Segment Start: PROVIDED DATA
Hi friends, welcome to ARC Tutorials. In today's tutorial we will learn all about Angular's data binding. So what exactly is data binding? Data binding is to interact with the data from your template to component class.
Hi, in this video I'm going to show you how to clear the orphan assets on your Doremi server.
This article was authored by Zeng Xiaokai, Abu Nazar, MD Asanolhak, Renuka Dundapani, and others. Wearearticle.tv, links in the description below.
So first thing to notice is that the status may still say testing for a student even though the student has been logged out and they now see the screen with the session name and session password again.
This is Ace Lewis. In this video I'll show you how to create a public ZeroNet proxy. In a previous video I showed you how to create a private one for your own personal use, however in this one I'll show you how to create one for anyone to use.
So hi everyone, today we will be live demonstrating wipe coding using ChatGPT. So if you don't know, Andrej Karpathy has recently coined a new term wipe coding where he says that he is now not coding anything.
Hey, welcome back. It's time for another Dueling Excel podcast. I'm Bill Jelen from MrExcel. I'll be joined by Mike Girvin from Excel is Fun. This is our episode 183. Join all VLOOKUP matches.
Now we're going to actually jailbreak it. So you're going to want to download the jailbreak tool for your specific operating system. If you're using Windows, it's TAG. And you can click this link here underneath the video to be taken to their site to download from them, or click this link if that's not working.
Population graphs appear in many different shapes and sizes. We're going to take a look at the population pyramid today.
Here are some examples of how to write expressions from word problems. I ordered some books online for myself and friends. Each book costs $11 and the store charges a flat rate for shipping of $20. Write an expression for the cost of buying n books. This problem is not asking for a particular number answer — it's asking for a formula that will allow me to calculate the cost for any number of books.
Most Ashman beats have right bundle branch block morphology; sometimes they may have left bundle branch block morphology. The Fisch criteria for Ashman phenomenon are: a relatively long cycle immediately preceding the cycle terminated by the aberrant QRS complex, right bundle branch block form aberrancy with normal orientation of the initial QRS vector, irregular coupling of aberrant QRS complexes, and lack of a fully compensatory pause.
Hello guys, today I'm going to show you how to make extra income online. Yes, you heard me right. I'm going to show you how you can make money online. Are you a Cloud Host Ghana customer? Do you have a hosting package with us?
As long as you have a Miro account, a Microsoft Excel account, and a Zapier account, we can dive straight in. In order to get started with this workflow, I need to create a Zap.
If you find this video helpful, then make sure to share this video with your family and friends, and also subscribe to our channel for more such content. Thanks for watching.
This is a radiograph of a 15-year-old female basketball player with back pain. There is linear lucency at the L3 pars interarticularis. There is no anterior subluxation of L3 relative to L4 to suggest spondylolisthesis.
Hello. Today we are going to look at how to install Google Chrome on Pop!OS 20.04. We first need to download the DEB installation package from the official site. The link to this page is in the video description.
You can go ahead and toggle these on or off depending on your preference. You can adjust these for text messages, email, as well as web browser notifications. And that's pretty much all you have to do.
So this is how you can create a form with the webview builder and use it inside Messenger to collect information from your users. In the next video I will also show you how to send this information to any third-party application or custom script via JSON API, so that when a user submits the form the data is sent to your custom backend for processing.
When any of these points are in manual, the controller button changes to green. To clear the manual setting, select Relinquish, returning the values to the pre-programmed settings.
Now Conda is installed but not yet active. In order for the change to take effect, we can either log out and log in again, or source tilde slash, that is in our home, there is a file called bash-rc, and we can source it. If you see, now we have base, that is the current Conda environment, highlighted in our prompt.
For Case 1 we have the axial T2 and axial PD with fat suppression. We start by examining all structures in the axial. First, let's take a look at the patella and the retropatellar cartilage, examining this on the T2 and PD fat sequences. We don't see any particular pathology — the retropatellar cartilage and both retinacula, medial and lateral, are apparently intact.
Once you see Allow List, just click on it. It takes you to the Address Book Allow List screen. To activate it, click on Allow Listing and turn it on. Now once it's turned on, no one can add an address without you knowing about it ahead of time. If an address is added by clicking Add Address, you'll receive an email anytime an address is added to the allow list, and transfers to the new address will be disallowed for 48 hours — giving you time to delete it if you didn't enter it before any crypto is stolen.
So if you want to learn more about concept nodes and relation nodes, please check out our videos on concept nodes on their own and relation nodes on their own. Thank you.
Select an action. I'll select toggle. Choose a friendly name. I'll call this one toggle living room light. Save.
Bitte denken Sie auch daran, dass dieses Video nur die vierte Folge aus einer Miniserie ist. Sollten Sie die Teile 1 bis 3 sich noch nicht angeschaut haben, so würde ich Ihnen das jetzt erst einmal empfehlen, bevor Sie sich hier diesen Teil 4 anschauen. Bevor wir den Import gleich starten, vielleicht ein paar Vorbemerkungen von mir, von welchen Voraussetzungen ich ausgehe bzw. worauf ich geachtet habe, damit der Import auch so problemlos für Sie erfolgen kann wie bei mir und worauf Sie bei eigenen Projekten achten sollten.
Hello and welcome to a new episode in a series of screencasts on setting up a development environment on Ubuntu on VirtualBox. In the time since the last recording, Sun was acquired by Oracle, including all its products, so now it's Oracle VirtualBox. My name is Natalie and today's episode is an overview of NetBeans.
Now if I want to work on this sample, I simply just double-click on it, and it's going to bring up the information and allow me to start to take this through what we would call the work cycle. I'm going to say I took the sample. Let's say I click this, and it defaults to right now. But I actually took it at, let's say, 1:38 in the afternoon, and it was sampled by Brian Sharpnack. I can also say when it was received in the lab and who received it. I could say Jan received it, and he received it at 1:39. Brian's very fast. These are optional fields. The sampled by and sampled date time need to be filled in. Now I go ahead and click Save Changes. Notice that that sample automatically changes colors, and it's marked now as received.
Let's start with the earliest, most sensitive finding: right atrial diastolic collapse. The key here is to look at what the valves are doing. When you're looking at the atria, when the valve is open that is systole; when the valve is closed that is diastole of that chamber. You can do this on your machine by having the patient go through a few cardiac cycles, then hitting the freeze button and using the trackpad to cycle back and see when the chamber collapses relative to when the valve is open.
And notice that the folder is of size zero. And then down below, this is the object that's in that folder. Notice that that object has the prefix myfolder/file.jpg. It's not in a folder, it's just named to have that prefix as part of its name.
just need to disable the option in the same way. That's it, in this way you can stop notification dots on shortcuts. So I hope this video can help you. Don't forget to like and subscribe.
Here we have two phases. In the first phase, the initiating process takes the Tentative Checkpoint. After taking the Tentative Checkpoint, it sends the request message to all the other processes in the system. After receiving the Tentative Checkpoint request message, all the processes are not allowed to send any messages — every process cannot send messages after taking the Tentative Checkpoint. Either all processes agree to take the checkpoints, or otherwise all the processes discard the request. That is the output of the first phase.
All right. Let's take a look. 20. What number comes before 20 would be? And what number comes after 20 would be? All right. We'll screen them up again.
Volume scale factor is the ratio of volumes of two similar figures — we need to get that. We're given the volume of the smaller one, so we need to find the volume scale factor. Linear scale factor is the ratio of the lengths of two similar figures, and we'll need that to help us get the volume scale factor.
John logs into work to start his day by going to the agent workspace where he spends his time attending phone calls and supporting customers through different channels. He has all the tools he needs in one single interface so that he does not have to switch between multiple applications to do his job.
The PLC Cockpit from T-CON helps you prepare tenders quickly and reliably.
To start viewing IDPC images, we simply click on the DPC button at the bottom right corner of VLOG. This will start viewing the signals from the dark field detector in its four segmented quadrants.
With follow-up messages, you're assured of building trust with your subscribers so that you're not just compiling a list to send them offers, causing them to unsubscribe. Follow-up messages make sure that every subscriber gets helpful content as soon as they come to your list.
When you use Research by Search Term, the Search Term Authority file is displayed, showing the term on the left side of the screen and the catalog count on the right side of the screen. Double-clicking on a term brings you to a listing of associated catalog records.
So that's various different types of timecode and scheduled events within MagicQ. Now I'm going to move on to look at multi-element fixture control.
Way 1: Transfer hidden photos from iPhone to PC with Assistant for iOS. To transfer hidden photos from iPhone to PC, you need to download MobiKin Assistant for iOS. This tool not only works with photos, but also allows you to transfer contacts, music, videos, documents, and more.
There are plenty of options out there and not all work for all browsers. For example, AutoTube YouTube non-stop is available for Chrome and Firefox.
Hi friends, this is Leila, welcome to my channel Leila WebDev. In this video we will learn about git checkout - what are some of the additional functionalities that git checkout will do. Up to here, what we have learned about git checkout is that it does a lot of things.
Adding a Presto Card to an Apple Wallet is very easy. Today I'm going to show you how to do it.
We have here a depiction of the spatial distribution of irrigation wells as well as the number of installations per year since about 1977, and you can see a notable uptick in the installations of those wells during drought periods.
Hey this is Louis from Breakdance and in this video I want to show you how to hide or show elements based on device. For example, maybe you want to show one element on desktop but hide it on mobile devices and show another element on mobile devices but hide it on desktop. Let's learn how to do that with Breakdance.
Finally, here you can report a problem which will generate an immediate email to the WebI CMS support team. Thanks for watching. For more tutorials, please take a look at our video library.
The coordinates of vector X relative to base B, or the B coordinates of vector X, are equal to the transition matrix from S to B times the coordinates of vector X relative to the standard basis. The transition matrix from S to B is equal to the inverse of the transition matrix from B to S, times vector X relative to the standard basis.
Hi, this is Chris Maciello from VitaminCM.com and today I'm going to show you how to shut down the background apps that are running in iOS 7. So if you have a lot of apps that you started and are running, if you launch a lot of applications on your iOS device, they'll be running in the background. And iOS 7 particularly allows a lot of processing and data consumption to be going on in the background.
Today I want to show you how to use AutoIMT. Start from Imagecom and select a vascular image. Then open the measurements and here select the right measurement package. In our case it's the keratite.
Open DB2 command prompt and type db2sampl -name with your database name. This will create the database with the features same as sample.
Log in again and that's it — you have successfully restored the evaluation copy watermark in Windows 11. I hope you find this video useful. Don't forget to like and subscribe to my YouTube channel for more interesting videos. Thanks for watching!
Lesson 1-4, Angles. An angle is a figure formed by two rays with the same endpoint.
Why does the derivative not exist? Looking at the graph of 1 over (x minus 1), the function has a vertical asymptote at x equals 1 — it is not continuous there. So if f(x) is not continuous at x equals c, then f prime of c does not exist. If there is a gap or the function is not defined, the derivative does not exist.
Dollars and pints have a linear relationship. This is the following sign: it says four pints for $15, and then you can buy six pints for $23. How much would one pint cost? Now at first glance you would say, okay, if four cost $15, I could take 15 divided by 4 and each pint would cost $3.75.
Segment End: PROVIDED DATA
-- TO DO --
Lines to set down from above: the line with "Way 1: Transfer", the line with "Hey this is", and every line between, each exactly as written.

-- RESULT BELOW --
Way 1: Transfer hidden photos from iPhone to PC with Assistant for iOS. To transfer hidden photos from iPhone to PC, you need to download MobiKin Assistant for iOS. This tool not only works with photos, but also allows you to transfer contacts, music, videos, documents, and more.
There are plenty of options out there and not all work for all browsers. For example, AutoTube YouTube non-stop is available for Chrome and Firefox.
Hi friends, this is Leila, welcome to my channel Leila WebDev. In this video we will learn about git checkout - what are some of the additional functionalities that git checkout will do. Up to here, what we have learned about git checkout is that it does a lot of things.
Adding a Presto Card to an Apple Wallet is very easy. Today I'm going to show you how to do it.
We have here a depiction of the spatial distribution of irrigation wells as well as the number of installations per year since about 1977, and you can see a notable uptick in the installations of those wells during drought periods.
Hey this is Louis from Breakdance and in this video I want to show you how to hide or show elements based on device. For example, maybe you want to show one element on desktop but hide it on mobile devices and show another element on mobile devices but hide it on desktop. Let's learn how to do that with Breakdance.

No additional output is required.